Search the records below for the word "Photo". Pull out each line that has it.

Given records →
= Beginning of Section =
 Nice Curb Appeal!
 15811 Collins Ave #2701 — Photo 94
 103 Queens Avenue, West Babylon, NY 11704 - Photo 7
= End of Section =
= Beginning of Section =
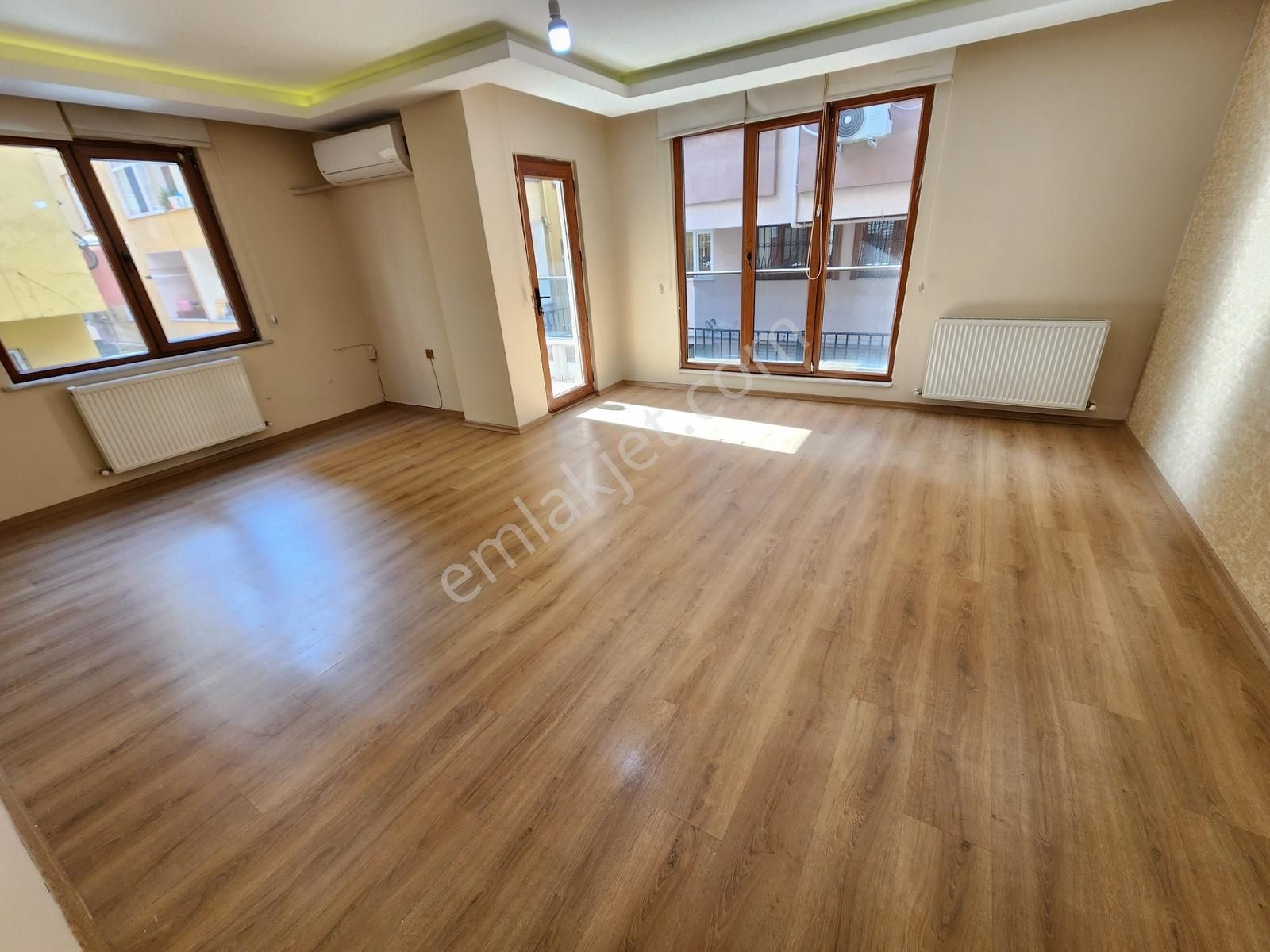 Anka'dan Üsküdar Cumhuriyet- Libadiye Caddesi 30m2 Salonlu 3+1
= End of Section =
Reply →
 15811 Collins Ave #2701 — Photo 94
 103 Queens Avenue, West Babylon, NY 11704 - Photo 7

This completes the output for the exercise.